= Description of the task =
What you return must be an exact copy of the lines in the listing below between the line holding "2018 Honda Accord Touring 2.0T photo 1" and the line holding "褶皱收腰设计感开叉亮丝连衣裙紫色纯欲性感轻奢V领鱼尾裙子女装图片", inclusive, and nothing more.

= Data under study =
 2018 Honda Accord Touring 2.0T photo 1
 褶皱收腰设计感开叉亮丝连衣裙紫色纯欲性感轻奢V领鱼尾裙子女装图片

* * *

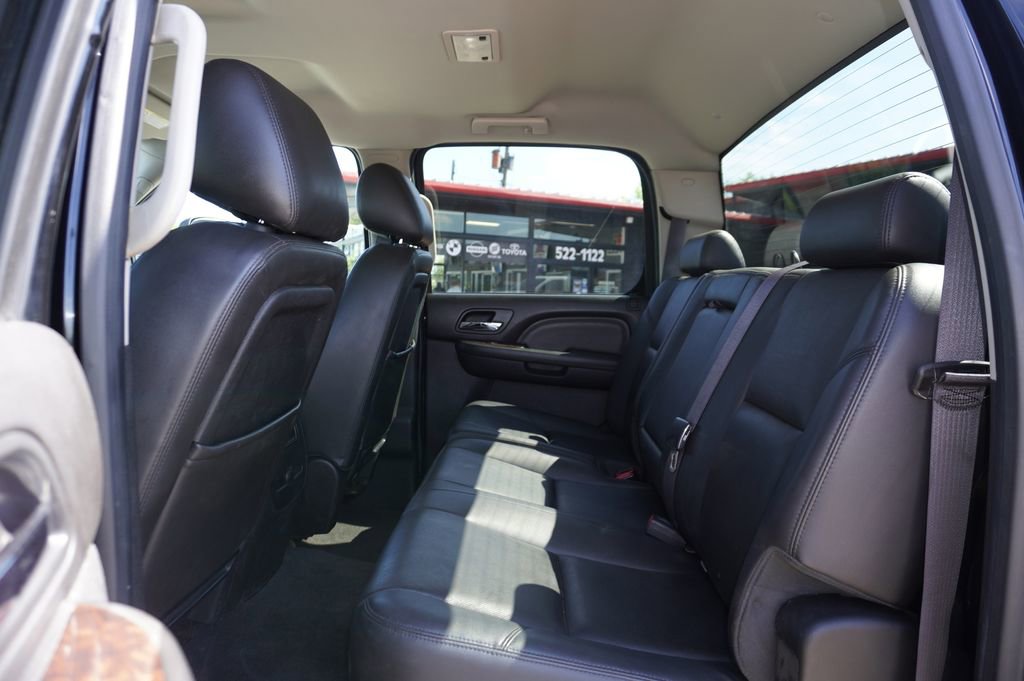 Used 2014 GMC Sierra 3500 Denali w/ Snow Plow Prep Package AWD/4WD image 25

* * *

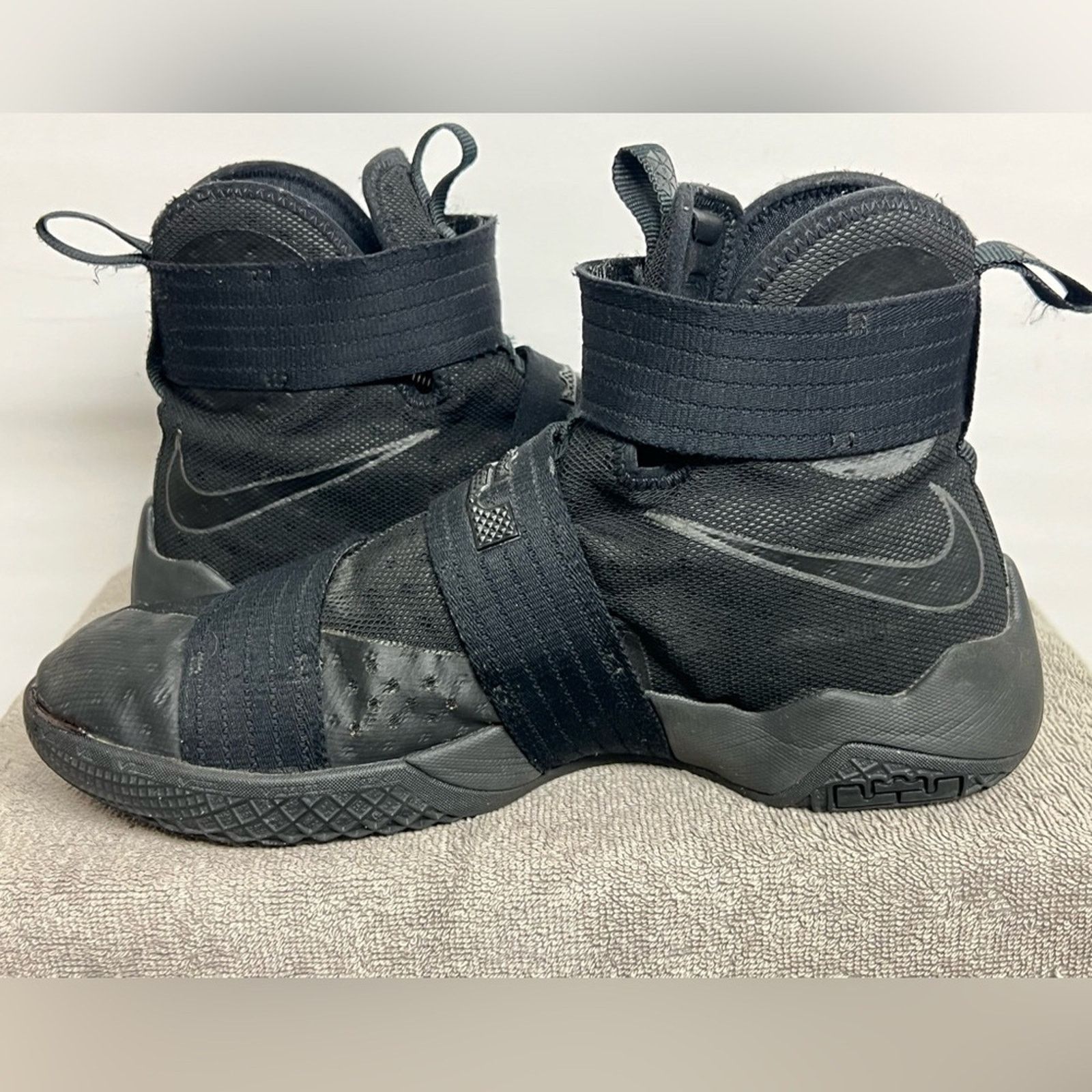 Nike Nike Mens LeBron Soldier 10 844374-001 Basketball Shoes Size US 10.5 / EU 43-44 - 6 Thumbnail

= Task output =
 2018 Honda Accord Touring 2.0T photo 1
 褶皱收腰设计感开叉亮丝连衣裙紫色纯欲性感轻奢V领鱼尾裙子女装图片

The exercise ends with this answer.